London, UK — IBM announced that it has joined a global consortium of partners, led by marine research organization ProMare, that are building an unmanned, fully-autonomous ship that will cross the Atlantic on the fourth centenary of the original Mayflower voyage in September 2020.
The Mayflower Autonomous Ship (MAS) will use IBM’s AI, most powerful servers, cloud and edge computing technologies to navigate autonomously and avoid ocean hazards as it makes its way from Plymouth, England to Plymouth, Massachusetts.
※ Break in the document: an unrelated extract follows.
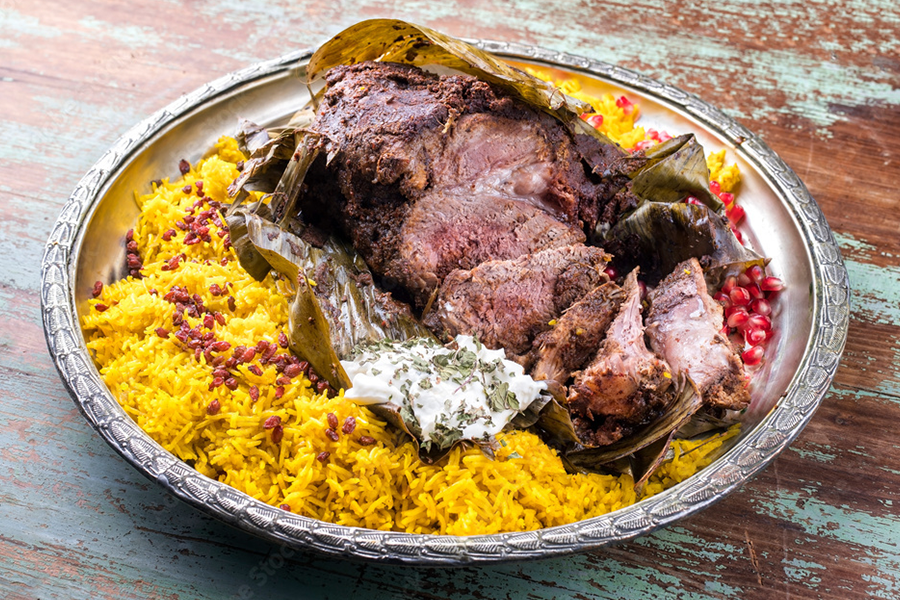 What is Oman national dish?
If successful, it will be one of the first self-navigating, full-sized vessels to cross the Atlantic Ocean and will open the door on a new era of autonomous research ships.
“Putting a research ship to sea can cost tens of thousands of dollars or pounds a day and is limited by how much time people can spend onboard — a prohibitive factor for many of today’s marine scientific missions,” said Brett Phaneuf, a Founding Board Member of ProMare and Co-Director of the Mayflower Autonomous Ship project (together with fellow Board Member Fredrik Soreide). “With this project, we are pioneering a cost-effective and flexible platform for gathering data that will help safeguard the health of the ocean and the industries it supports.”
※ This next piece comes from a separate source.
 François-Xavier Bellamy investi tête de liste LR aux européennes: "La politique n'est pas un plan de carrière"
Andy Stanford-Clark, Chief Technology Officer, IBM UK & Ireland, added: “IBM helped put man on the moon and is excited by the challenge of using advanced technologies to cross and research our deepest oceans. By providing the brains for the Mayflower Autonomous Ship, we are pushing the boundaries of science and autonomous technologies to address critical environmental issues.”
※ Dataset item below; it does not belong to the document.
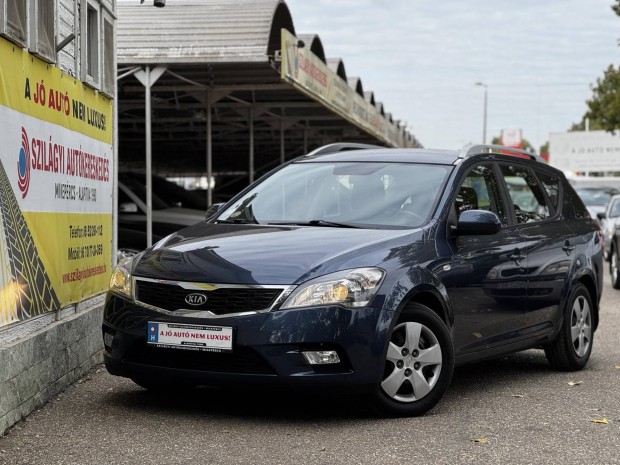 KIA CEE'D 1.6 CRDi EX ITT és Most Akció!!! 4-5L...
CGI visualization of the Mayflower Autonomous Ship at sea with a reflection of the original Mayflower, inspiration for the project. Credits: University of Birmingham’s Human Interface Technologies Team (HIT)
By pairing IBM PowerAI Vision technology with IBM Power Systems accelerated servers (the same technology used by the world’s most powerful supercomputers), IBM is helping ProMare to build deep learning models capable of recognizing navigation hazards which come into view in MAS’s on-board video cameras. Trained on real data and images from the Plymouth Sound in the UK, MAS will be capable of recognizing hazards such as buoys, debris and other ships and will have constant situational awareness thanks to RADAR, AIS (Automated Identification Systems) and LIDAR – the same technology used in autonomous cars.
When a hazard is detected, MAS will use IBM’s Operational Decision Manager software to help decide autonomously whether to change course or, in case of emergencies, speed out of the way drawing additional power from its on-board back-up generator. Fusing data from nautical maps, sensors and weather forecasts, MAS will be able to determine the optimal path and speed it should take across the Atlantic.
The hull of the Mayflower Autonomous Ship is currently being constructed and outfitted in Gdansk, Poland by Aluship Technology, before being transported to Plymouth, UK later this year.